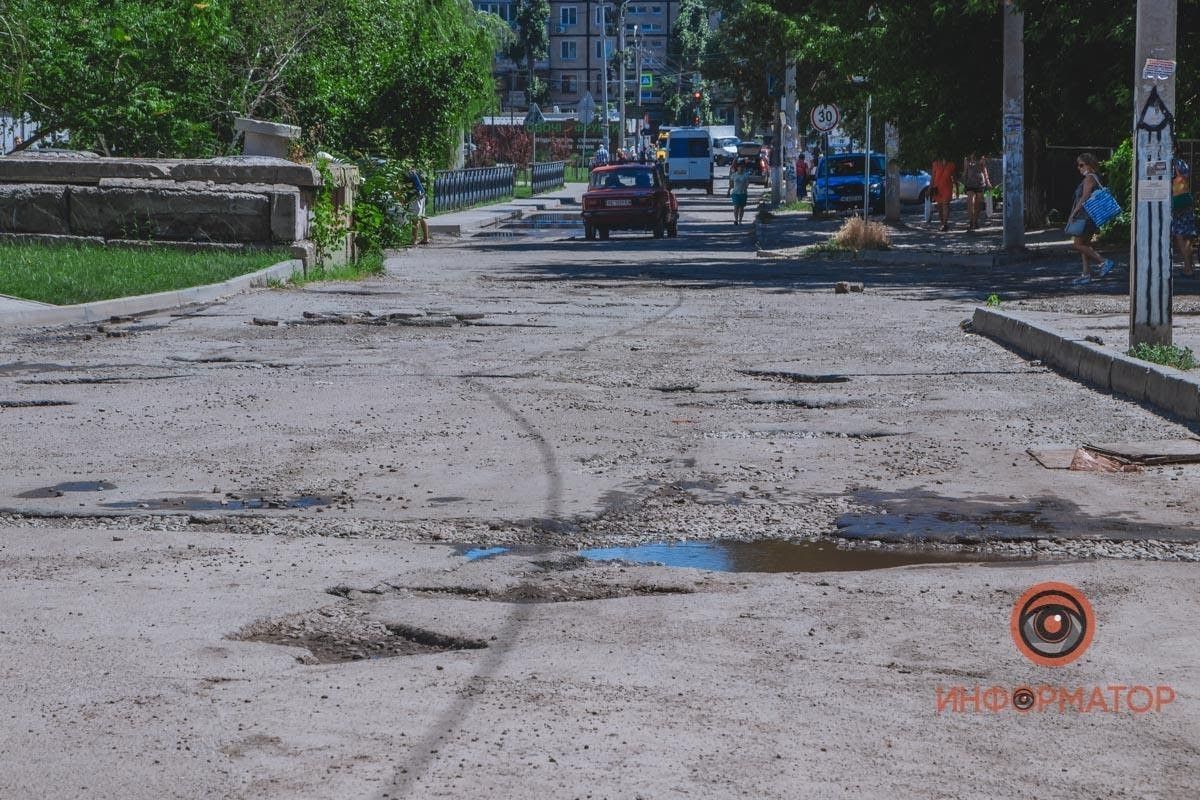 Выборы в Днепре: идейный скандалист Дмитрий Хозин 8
---
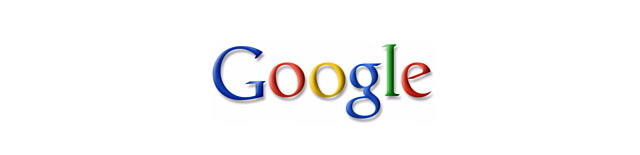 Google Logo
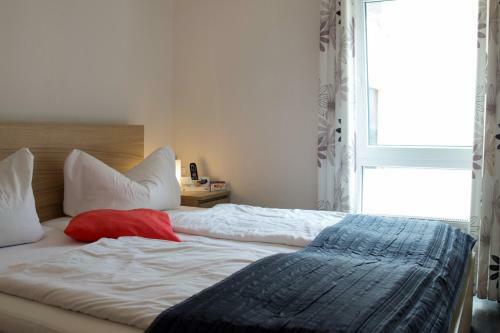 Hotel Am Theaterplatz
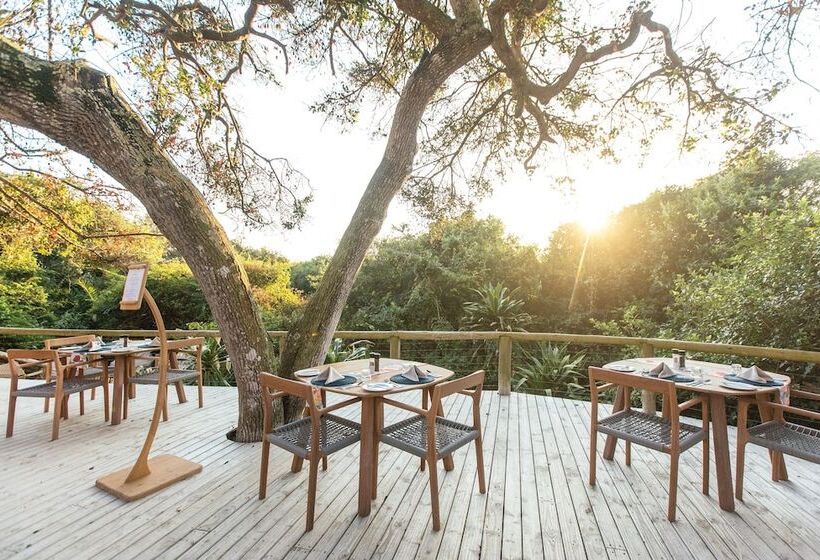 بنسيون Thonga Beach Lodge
--
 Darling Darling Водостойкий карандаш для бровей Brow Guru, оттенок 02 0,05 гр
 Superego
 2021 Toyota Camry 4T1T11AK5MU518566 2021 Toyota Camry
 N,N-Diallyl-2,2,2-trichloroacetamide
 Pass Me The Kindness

- PROBLEM DETAILS: Having found the line with "Google Logo" and the line with "بنسيون Thonga Beach Lodge" in the material above, write out exactly those two and every line between, leaving the pictures out.

- WRITTEN SOLUTION:
 Google Logo
 Hotel Am Theaterplatz
 بنسيون Thonga Beach Lodge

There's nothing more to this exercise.